Reference your No. 594 , it is learnt with considerable surprise that there has been a change in the views notified in No.
362 of 6th April , which contemplated a strategic offensive action in the Pacific by the transfer of forces from the Indian Ocean to the Pacific when certain essential Conditions had been fulfilled.
2. It would now appear that instead of the Eastern Fleet being built up to the strength necessary for this purpose, it is being disposed in theatres other than the Indian and Pacific Oceans.
3. If a superior naval force is not to be concentrated to inflict a decisive defeat on Japan and relieve Australia of the threat of invasion, there is no alternative but to press for the land and air strength necessary for the local defence of the Commonwealth, the case being parallel to that referred to by you in paragraph 3 of No. 594, relative to the defence of India and other territories in the Indian Ocean. I have addressed to the President  and yourself  my representations on air requirements.
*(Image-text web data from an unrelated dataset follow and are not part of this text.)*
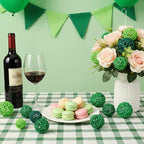 Patelai 36 Pcs Wicker Rattan Balls Decorative Balls for Vase Centerpiece Bowls Orbs Filler for Home Decor,4 Sizes(Dark, Grass Green, Fluorescent Green,2.4'',2'',1.6'',1.2'')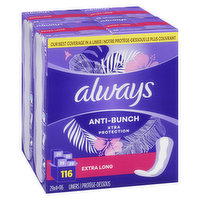 Always - Anti-Bunch Liners, Extra Long, 116 Each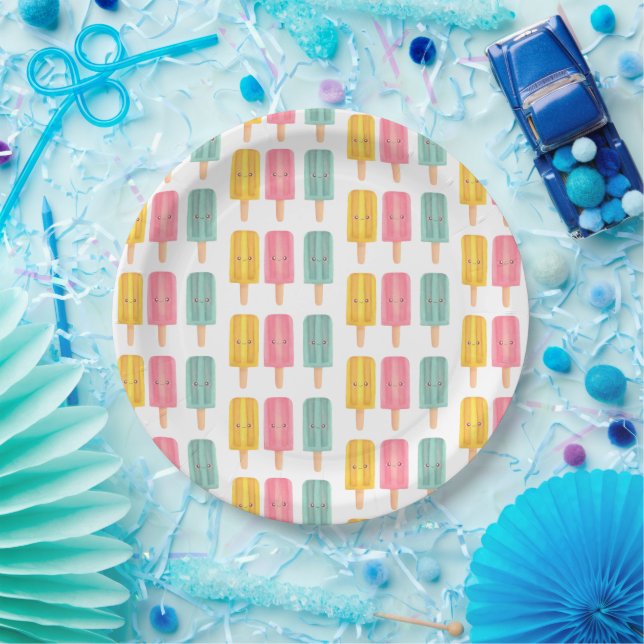 Assiettes En Carton Bâtonnets de glace d'été (Fête)
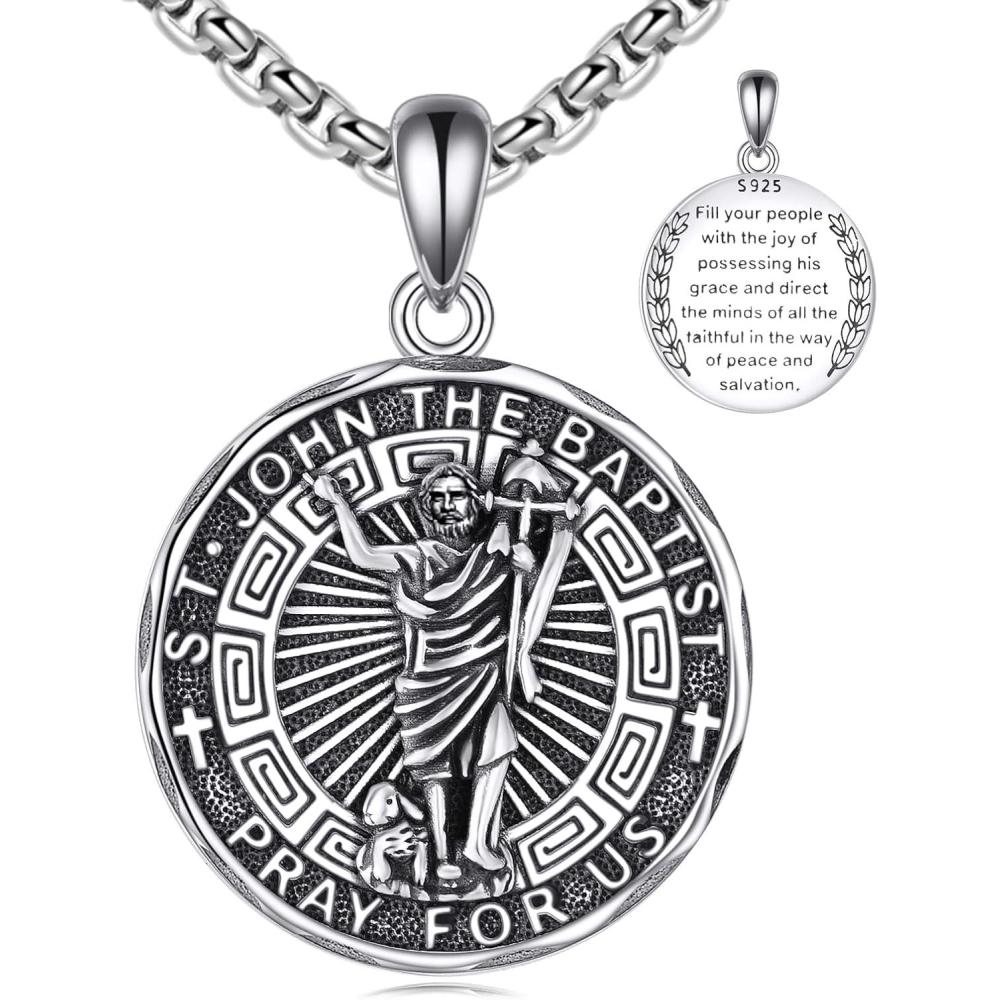 image:imageYFN Patron Saint Necklace Sterling Silver Amulet Medal Pendant Religious Protector Jewelry Gifts for Women Men17 St John The Baptist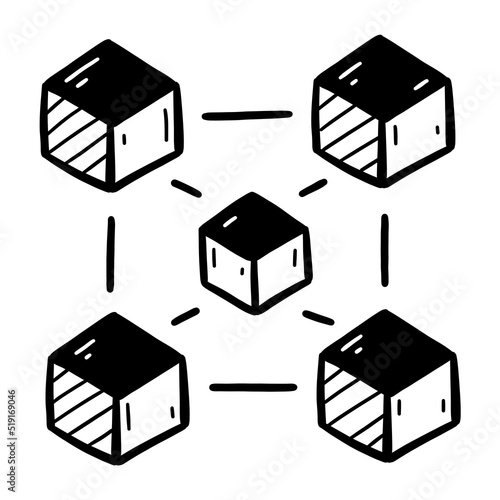 Proof of history blockchain algorithm scheme with cubes doodle hand drawn icon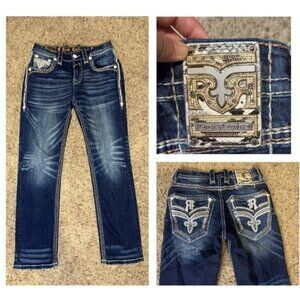 ROCK REVIVAL $220 Men’s “Rishi” Straight Jet Black Leather Inserts Men’s 30x30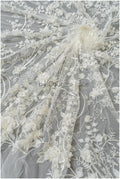Perlen Brautspitzenstoff Off-White/ 3D Blumen Perlen Spitze/ schwere Perlenspitze/ Couture Spitzenstoff/ Brautspitzenstoff// L23-529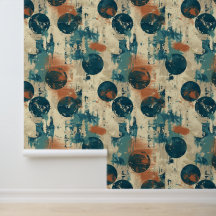 Grunge Polka Dot Blue Ball Brown krassen Modern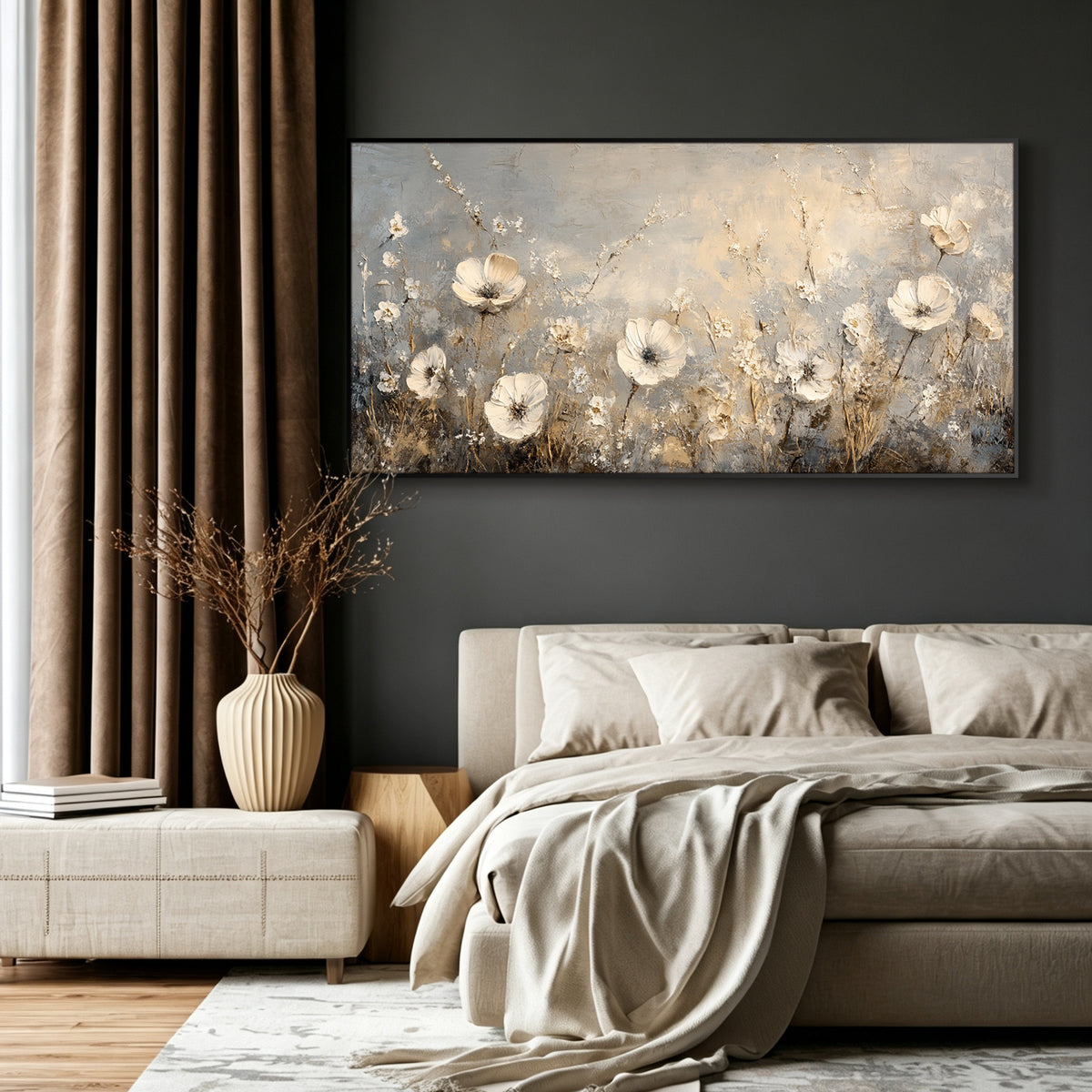 Wildflower meadow impasto acrylic/oil painting on canvas, original palette knife textured wall art, handpainted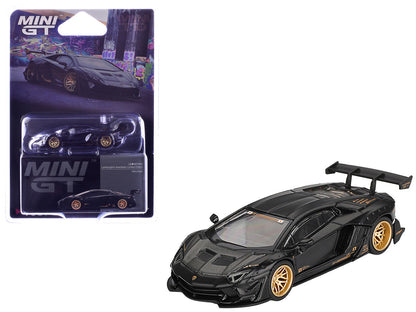 Lamborghini Aventador "LB-Works" Matt Black with Carbon Hood Limited Edition 1/64 Diecast Model Car by Mini GT-0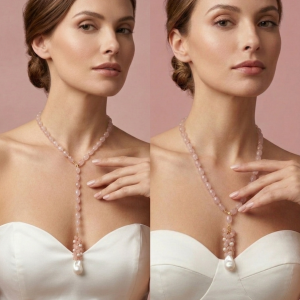 Collana Lariat Quarzo Rosa Artigianale Con Perla Barocca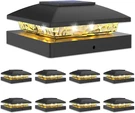 8-PACK 4X4 Solar Post Cap Lights Waterproof Black Deck For Outdoor Use. Fixed Price $66.99.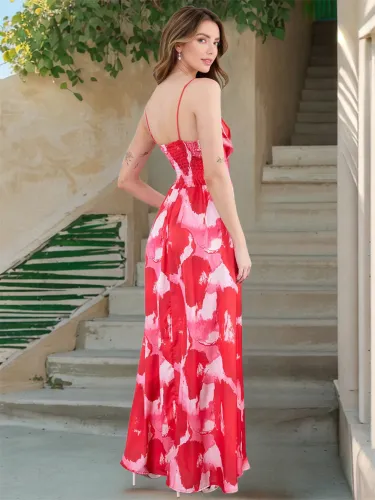 Women Casual Boho Dresses Summer Spaghetti Strap Maxi Dress PQ-HD033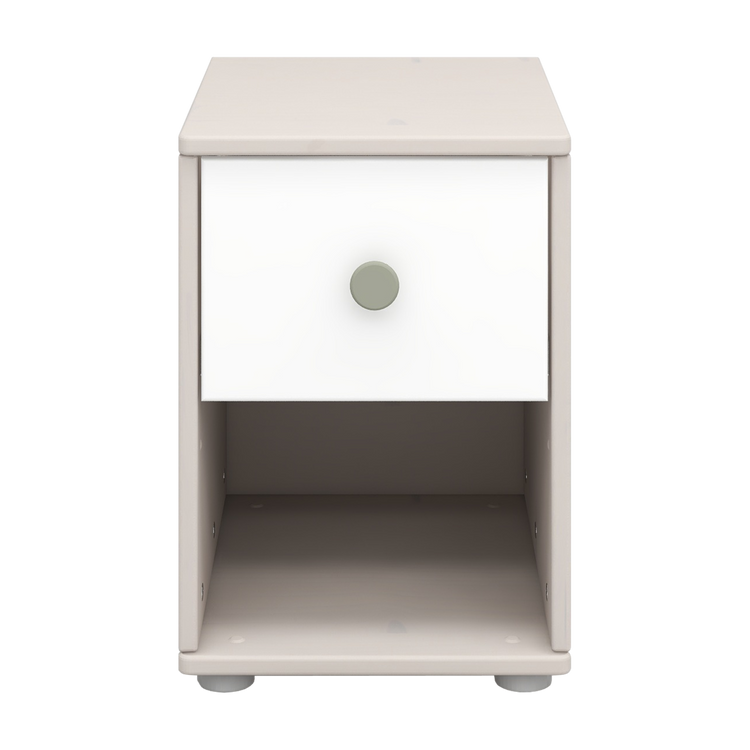 Flexa. Classic chest with 1 drawer with natural green knobs - Grey washed
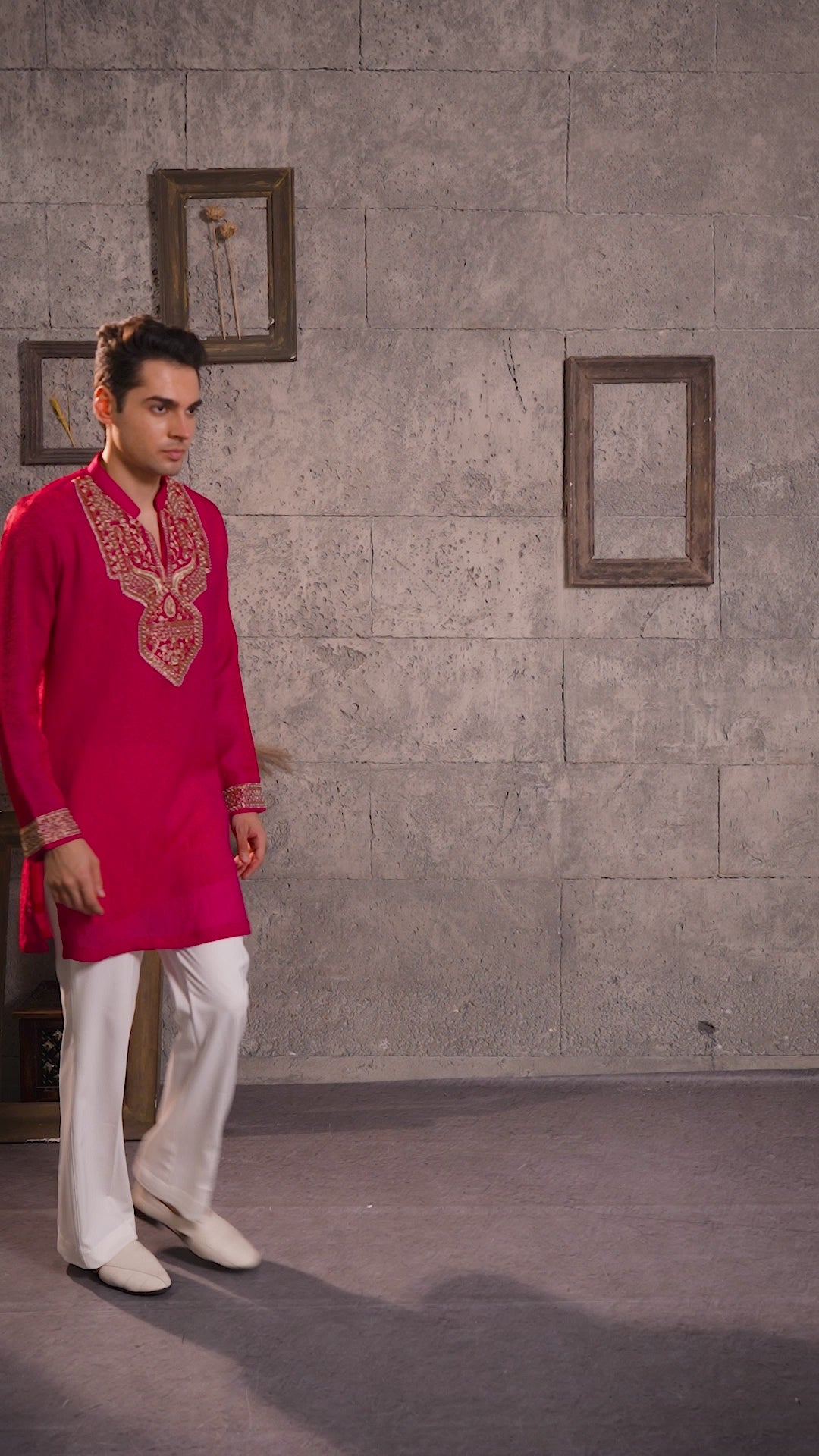 Red Silver Embroidered Men's Kurta Set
In a separate communication the need for additional land forces is dealt with.
4. The following will be recalled from the review of the United
Kingdom Chiefs of Staff on Australian Defence, which was transmitted in Mr. Bruce's cablegram No. 55 of 3rd April :-
'A movement of the United States main fleet into Eastern Australian waters provides at present the only sure means of protecting the Eastern Australia and New Zealand, but the United States Fleet cannot undertake to remain in Australian waters indefinitely. The Allied aim should therefore be to build up the land, air and local Naval Forces in Australia and New Zealand to a point where they can stand without the immediate support of the United States Fleet, and can ensure that they will not be defeated before the United States Fleet is able to return to sever the enemy's communications with her invading forces.'
Whilst the security of the line of communication to the United States is of vital importance, it is hoped that it is clear to those responsible for grand strategy that the interruption of this line is neither an essential preliminary nor even a necessarily desirable condition to a Japanese assault on the mainland of Australia, if the local land and air defence strength is to remain at its present figure.
5. If Japan succeeds in capturing Port Moresby, the way is open to a direct attack on the mainland under cover of land-based aircraft, which may well defy all naval attempts to interrupt their line of communication and dislodge them.
6. In view of the possibility that an attack may be launched against Western Australia by Japanese forces from the Netherlands East Indies, I would also be glad to know the views of the United Kingdom Chiefs of Staff on the contemplated strength of the Eastern Fleet as a deterrent to such an attack, and the possibility of its use should such an attack eventuate, having regard to its other commitments in the Indian Ocean.